Mi ha fatto molto piacere questa nomina, la Fondazione CRC è un’istituzione di origine bancaria che unisce Alba, Mondovì e Cuneo e sta investendo molto sul territorio con progetti socio-educativi e culturali (sono sette gli ambiti in cui opera); i consiglieri sono 23 e devono rappresentare le tre città, a cui si aggiungono rappresentanti della Curia e della Provincia di Cuneo. Il Sindaco di Cuneo, Federico Borgna, che è anche il presidente della Provincia, mi ha proposto al consiglio, incarico che dura tre anni rinnovabili, proprio in nome dell’impegno della mia famiglia nel campo della cultura e anche dell’apporto che potrei dare come donna rappresentante della mia generazione. Sono anche in diversi consigli di amministrazione, come quello della Fondazione Nuovo Ospedale Alba-Bra onlus, nel consiglio per le relazioni tra Italia e Stati Uniti, in quello dell’Agenzia di Pollenzo e dell’Università di Scienze Gastronomiche. Spero di portare la mia esperienza a beneficio di tutti.
Cosa manca ancora al territorio?
La ricettività e le infrastrutture. Manca ancora la capacità di fare marketing e la consapevolezza che abbiamo una grande brand da gestire, il Brand Langhe, ma stiamo cominciando a crederci e stiamo crescendo molto da questo punto di vista.
Tu sei mamma di un bambino che a breve compirà due anni. Cosa prospetti per lui ?
Bruno – si chiama come mio padre – è un bambino indubbiamente fortunato, ha una mamma che lavora in un’azienda anche divertente; il padre, mio marito, è un architetto con molti interessi, ha uno studio che collabora tra gli altri con Daniel Libeskind, un lavoro altrettanto creativo.

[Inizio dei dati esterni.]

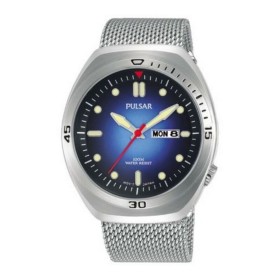Relógio masculino Pulsar PJ6097X2 (Ø 42 mm)
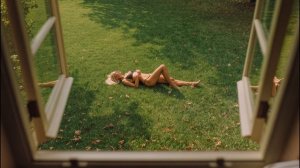 На пару минут | AI клип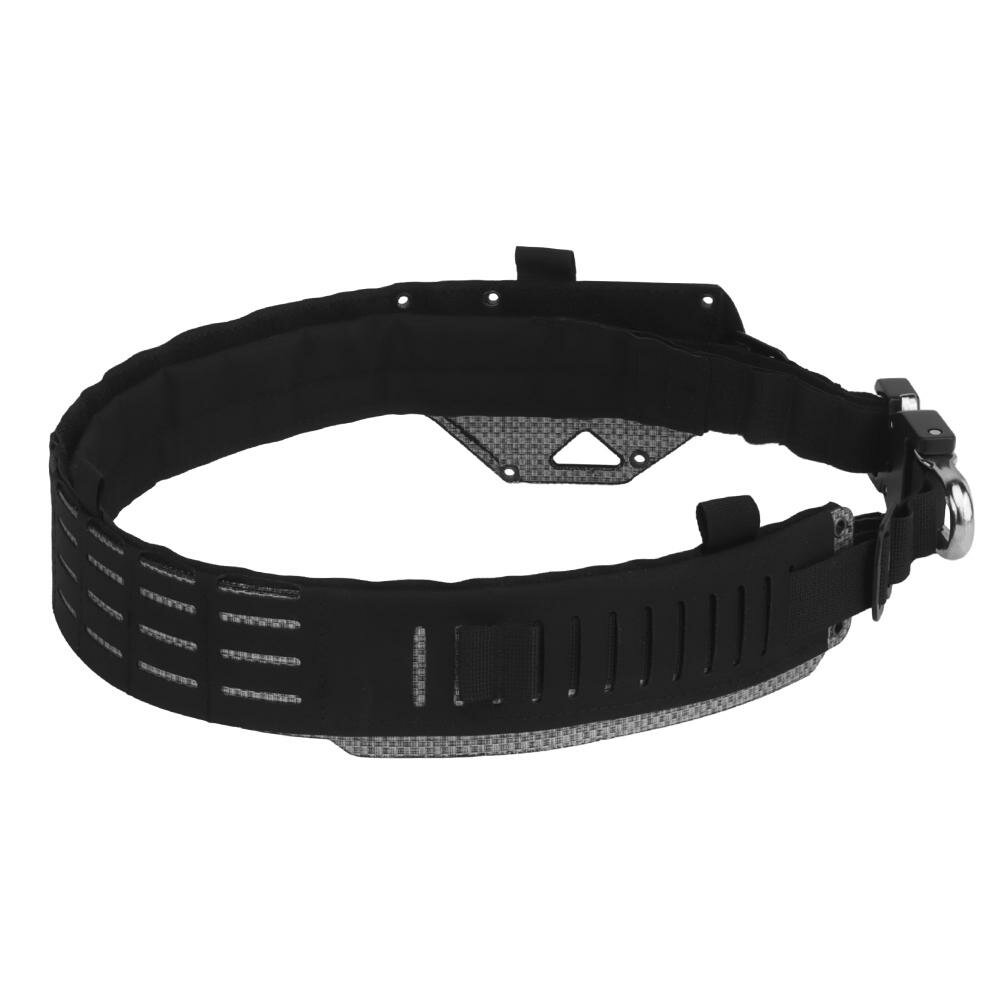 Wosport ARC Tactical Belt M Black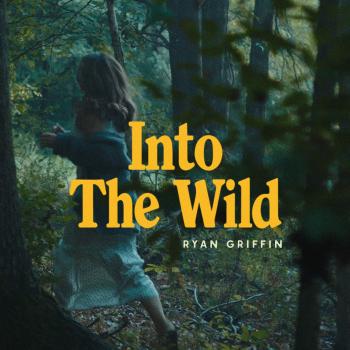 Cover Into The Wild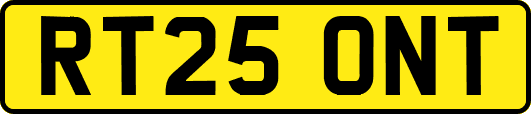 RT25ONT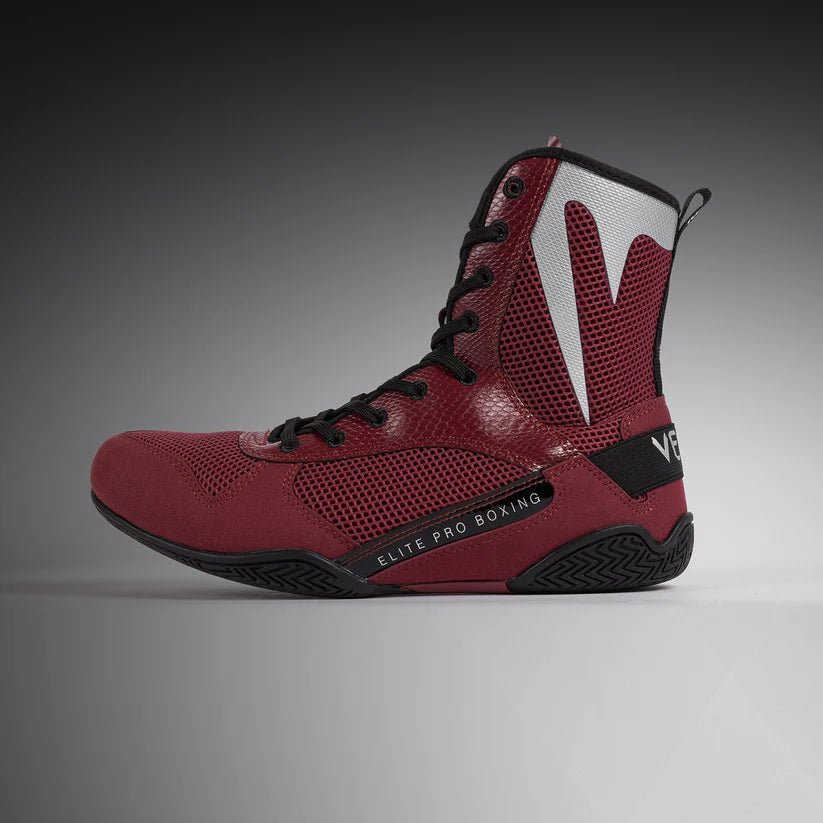 Venom Elite Boxing Shoes - OTM Fight ShopVenum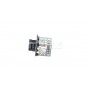 ABR 91 000P MAHLE Сопротивление, Вентилятор салону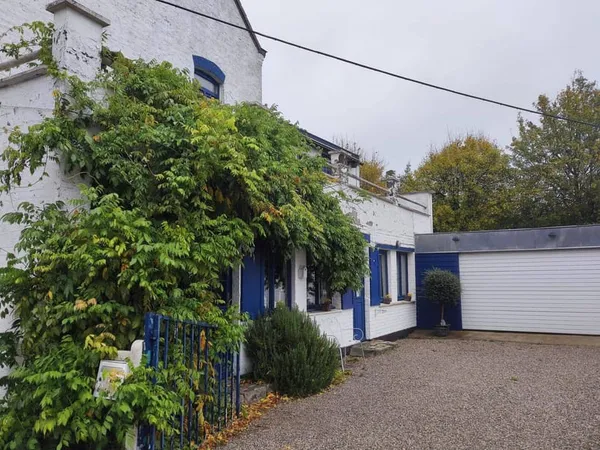 Maison 5 pièces 145 m²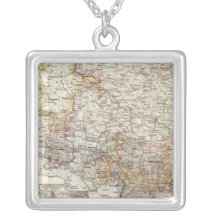 Hanover Region of Germany Pendant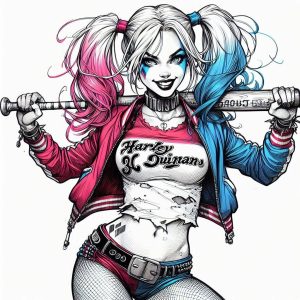 Harley Quinn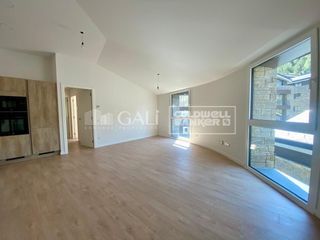 Ático de 2 habitaciones en alquiler en El Forn, Canillo · 48 de 60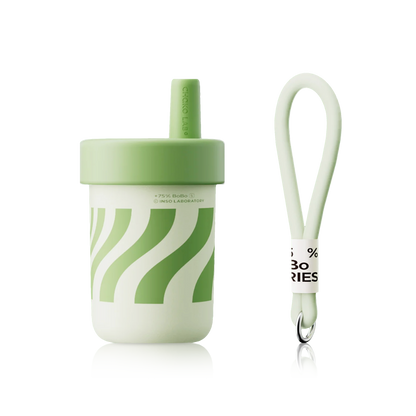 Bobo Thermos Cup
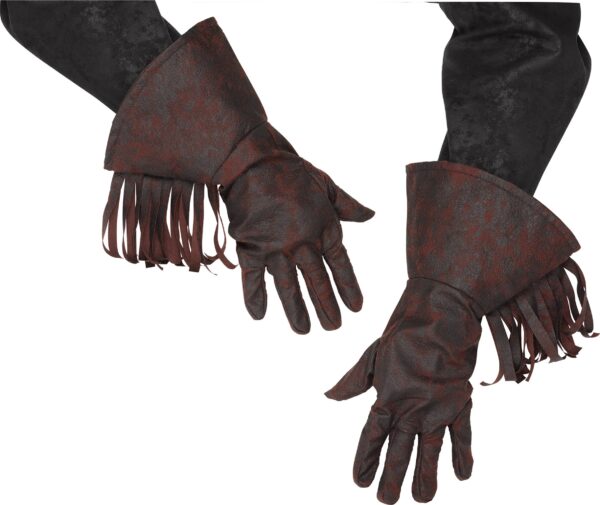 Charactor Gloves - Cowboy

Sicuramente investiremo nel dargli tutte le opportunità possibili per poter scegliere una sua strada. Noi siamo appassionati in quello che facciamo, speriamo di comunicargli tutta la nostra passione, a prescindere dalle sue scelte, non credo nell’obbligo familiare a tutti costi.
Io erediterò una parte di azienda, che conta 200 dipendenti; come figlio unico mi piacerebbe molto coinvolgerlo, gli daremo tutti gli strumenti per capire che questo è un bellissimo lavoro. Per quanto riguarda l’arte ho già iniziato lo porto già alle mostre, così come negli allestimenti. Attraverso Bruno ad esempio ho notato come Bacon sia molto colorato, che non è il primo aspetto che noti della sua opera. E’ importante guardare le opere d’arte con gli occhi dei bambini, sono degli incredibili osservatori, molto più di quello che pensiamo.